DATA PROVIDED:

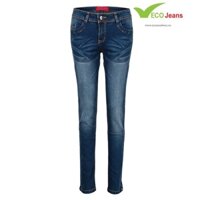 QUẦN JEAN DÀI NỮ ECO  JNUD-039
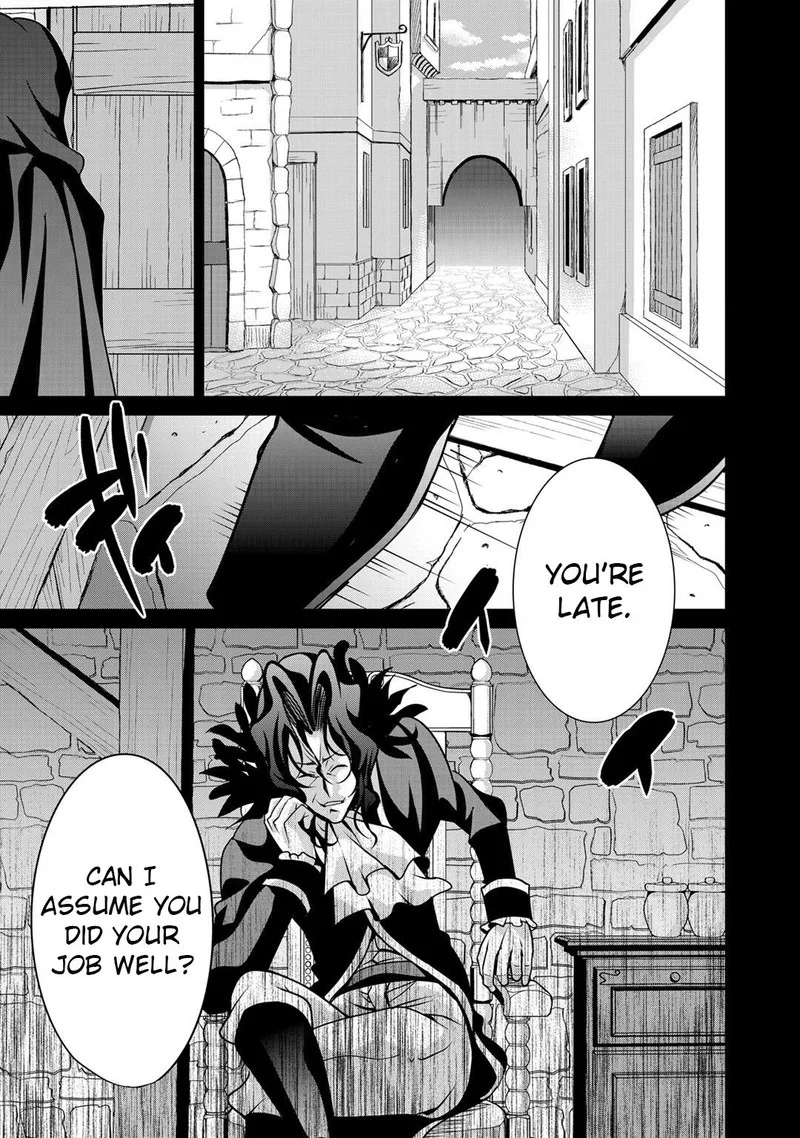 Saikyou no Kurokishi, Sentou Maid ni Tenshoku shimashita Chapter 30 page 5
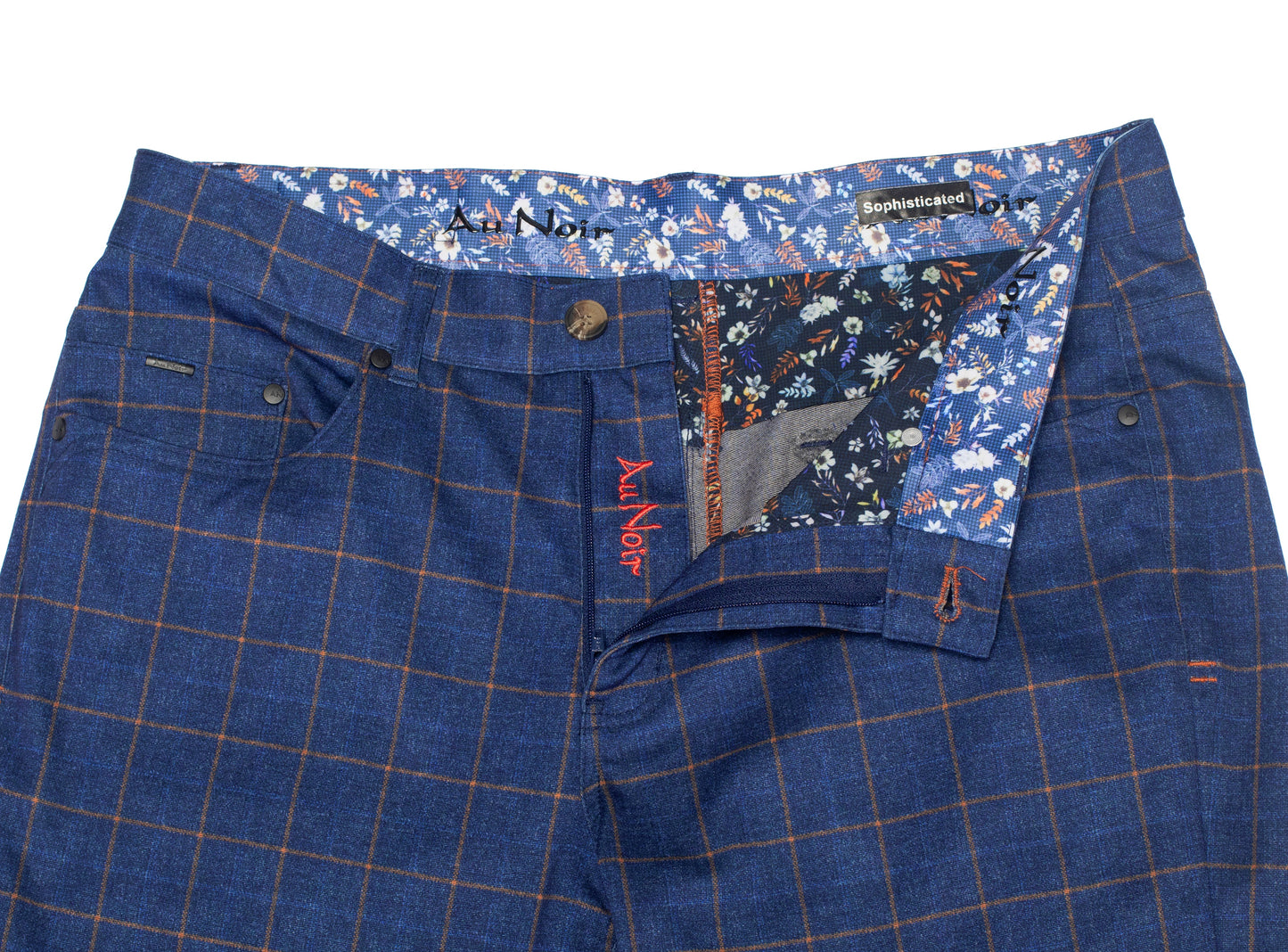 PANTALON | WINCHESTER-BRODY, Indigo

THE PROBLEM: Reproduce the final stretch of lines exactly: the line containing "Saikyou no Kurokishi, Sentou" through the last line of the data, both included. Pictures do not belong in the copy.

RESULT FOR THIS TASK:
 Saikyou no Kurokishi, Sentou Maid ni Tenshoku shimashita Chapter 30 page 5
 PANTALON | WINCHESTER-BRODY, Indigo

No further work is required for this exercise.